Communication-Optimal Parallel Minimum Spanning Tree Algorithms
Ben H.H. Juurlink,
Petr Kolman,
Friedhelm Meyer auf der Heide,
Ingo Rieping
June 2000
Abstract
In this paper matching upper and lower bounds for broadcast on
general purpose parallel computation models that exploit network
locality are proven.
These models try to capture both the general purpose properties of models
like the PRAM or BSP on the one hand, and to exploit network locality
of special purpose models like meshes, hypercubes, etc.,
on the other hand.
They do so by charging a cost $l(|i-j|)$ for a communication
between processors $i$ and $j$, where $l$ is a suitably chosen latency
function.
An upper bound $T(p) = \sum_{i=0}^{\log \log p} 2^i \cdot l(p^{1/2^i})$
on the runtime of a broadcast on a $p$~processor H-PRAM is given,
for an arbitrary latency function $l(k)$.

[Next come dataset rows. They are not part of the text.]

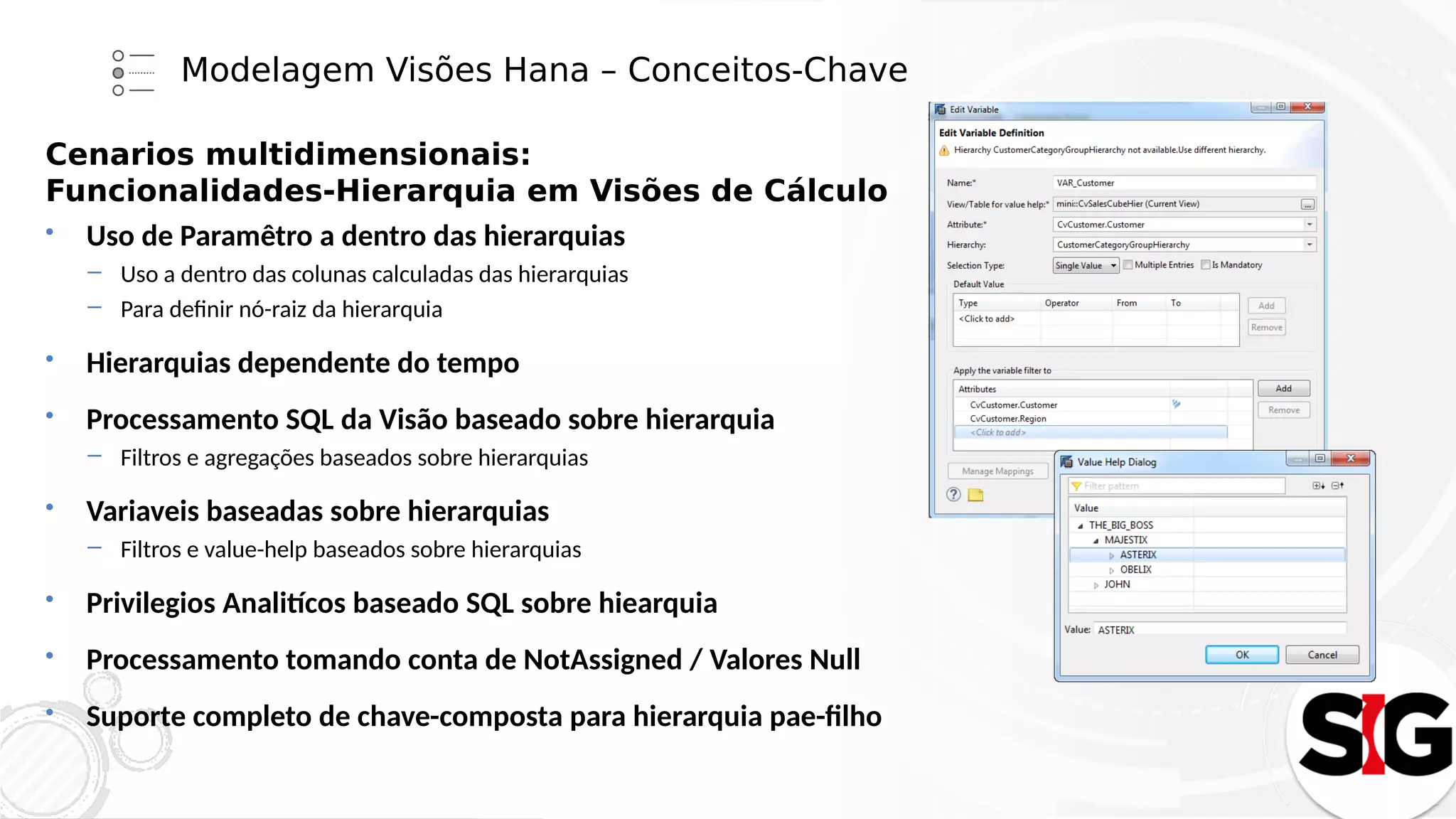 Modelagem Visões Hana – Conceitos-Chave
Cenarios multidimensionais:
Funcionalidades-Hierarquia em Visões de Cálculo
• Uso de Paramêtro a dentro das hierarquias
– Uso a dentro das colunas calculadas das hierarquias
– Para definir nó-raiz da hierarquia
• Hierarquias dependente do tempo
• Processamento SQL da Visão baseado sobre hierarquia
– Filtros e agregações baseados sobre hierarquias
• Variaveis baseadas sobre hierarquias
– Filtros e value-help baseados sobre hierarquias
• Privilegios Analitícos baseado SQL sobre hiearquia
• Processamento tomando conta de NotAssigned / Valores Null
• Suporte completo de chave-composta para hierarquia pae-filho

The main contribution of the paper is a matching lower bound, holding
for all latency functions in the range $l(k)=\Omega(
\log k / \log \log k)$ and $l(k)=O(\log^2 k)$.
This is not a severe
restriction since for latency functions
$l(k) = O(\log k/ \log^{1+\epsilon} \log (k))$
with arbitrary $\epsilon > 0$,
the runtime of the algorithm matches the trivial lower bound
$\Omega(\log p)$
and for
$l(k) = \Theta (\log^{1+\epsilon} k)$ or
$l(k)=\Theta(k^\epsilon)$,
the runtime matches the other trivial lower bound
$\Omega(l(p))$.
Both upper and lower bounds apply for other parallel locality models like
H-PRAM, Y-PRAM, D-BSP and E-BSP, too.